The work of Josseline Kaplan and Jean-Michel Rozet also reveals that almost all the genes that they have discovered are also involved in mitochondrial diseases combining neurological and muscular disorders, sometimes extremely severe, that can lead to early death “The genes involved are identical, but the mutations are less severe in hereditary nonsyndromic optic neuropathies, notes Jean-Michel Rozet. This discovery has completely changed the treatment of optic neuropathies, which we can now put to one end of the severity spectrum for mitochondrial diseases.”

This biological description for eye diseases paves the way for treatment that is better adapted to the risks and the evolution of symptoms, even their anticipation. It is also the indispensable condition in the search for treatment that can restore the altered mechanisms.


Time for treatments

Today, it is time to develop new therapeutic strategies. These many developments are made difficult by the extreme genetic heterogeneity, which is often accompanied by a variability of biological mechanisms leading to the disease; this is particularly the case for Leber congenital amaurosis where many retinal functions can be involved, such as the visual transduction cascade, vitamin A metabolism, protection against light-induced damage, ciliary intracellular transport, etc. Concerning this disease, treatment with gene therapy is awaiting approval: it consists of transporting a normal version of the gene to the retina, called RPE65, which is responsible for 6 to 16% of all cases of Leber congenital amaurosis.

At the same time, Jean-Michel Rozet’s team are developing another approach to repair genes through an intravitreal injection (a widely used method of administration in ophthalmology, particularly to treat age-related macular degeneration) of small oligonucleotides.
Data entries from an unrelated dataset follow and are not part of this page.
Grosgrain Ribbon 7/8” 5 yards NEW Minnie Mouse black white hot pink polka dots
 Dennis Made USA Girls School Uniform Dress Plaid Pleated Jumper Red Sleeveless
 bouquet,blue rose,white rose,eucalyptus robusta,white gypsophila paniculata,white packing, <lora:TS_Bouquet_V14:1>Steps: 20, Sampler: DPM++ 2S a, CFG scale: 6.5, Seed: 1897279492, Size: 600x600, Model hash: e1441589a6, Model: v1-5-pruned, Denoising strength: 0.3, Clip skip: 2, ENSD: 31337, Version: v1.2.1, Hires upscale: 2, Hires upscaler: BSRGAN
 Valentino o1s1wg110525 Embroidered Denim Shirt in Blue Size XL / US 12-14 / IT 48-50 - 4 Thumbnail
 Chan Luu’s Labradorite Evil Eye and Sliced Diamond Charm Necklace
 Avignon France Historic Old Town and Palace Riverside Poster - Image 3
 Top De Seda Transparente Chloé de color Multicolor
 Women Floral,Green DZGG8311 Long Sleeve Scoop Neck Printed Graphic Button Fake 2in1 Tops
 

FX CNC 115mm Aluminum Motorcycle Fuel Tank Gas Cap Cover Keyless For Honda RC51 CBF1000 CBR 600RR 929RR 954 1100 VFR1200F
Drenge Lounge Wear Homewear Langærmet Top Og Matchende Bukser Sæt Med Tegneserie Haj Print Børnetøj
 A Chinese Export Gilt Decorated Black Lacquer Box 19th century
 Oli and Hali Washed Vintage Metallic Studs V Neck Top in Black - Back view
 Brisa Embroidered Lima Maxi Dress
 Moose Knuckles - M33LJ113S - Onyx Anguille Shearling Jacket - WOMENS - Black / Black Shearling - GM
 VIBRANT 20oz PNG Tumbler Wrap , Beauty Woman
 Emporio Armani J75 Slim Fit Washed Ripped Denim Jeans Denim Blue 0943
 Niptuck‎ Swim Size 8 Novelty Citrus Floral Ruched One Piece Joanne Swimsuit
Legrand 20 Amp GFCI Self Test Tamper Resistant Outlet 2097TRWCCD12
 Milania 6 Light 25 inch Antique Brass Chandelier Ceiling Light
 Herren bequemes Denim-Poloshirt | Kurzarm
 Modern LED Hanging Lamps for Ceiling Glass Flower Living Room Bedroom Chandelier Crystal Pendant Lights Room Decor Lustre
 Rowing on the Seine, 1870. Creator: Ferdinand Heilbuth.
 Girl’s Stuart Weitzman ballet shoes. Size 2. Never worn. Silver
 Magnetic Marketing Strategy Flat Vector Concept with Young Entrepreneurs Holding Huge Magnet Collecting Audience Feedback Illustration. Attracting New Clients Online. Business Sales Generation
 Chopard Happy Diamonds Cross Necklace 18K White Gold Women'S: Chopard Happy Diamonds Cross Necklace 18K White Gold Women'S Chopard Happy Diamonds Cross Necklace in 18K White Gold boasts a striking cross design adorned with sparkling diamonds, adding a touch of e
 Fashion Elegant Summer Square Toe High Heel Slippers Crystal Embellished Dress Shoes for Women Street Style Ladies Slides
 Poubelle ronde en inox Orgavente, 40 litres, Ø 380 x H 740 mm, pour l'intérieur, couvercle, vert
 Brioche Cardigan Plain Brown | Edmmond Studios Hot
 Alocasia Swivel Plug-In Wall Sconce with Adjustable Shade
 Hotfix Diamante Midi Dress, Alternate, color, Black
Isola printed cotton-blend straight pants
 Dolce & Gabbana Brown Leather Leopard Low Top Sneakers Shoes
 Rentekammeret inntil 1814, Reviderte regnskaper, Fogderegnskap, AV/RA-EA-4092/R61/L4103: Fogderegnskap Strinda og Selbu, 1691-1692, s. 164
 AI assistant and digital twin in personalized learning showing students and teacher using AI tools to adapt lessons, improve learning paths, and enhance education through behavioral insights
Today, phase 2 and 3 trials are ongoing to evaluate this therapeutic strategy.

From diagnosis to therapeutic development, the patient has always been the driver of research for Jean-Michel Rozet and his team: The 1st impact is for them, explains the researcher, who participates in many care networks, is involved with patient associations, takes part in meetings for multidisciplinary discussions and clinical data presented by doctors is compared to molecular data generated in the laboratory. This approach from patient to patient is a real accelerator in progress.

Without a doubt, new discoveries will soon emerge, always keeping in mind their specific applications for young children affected by eye diseases.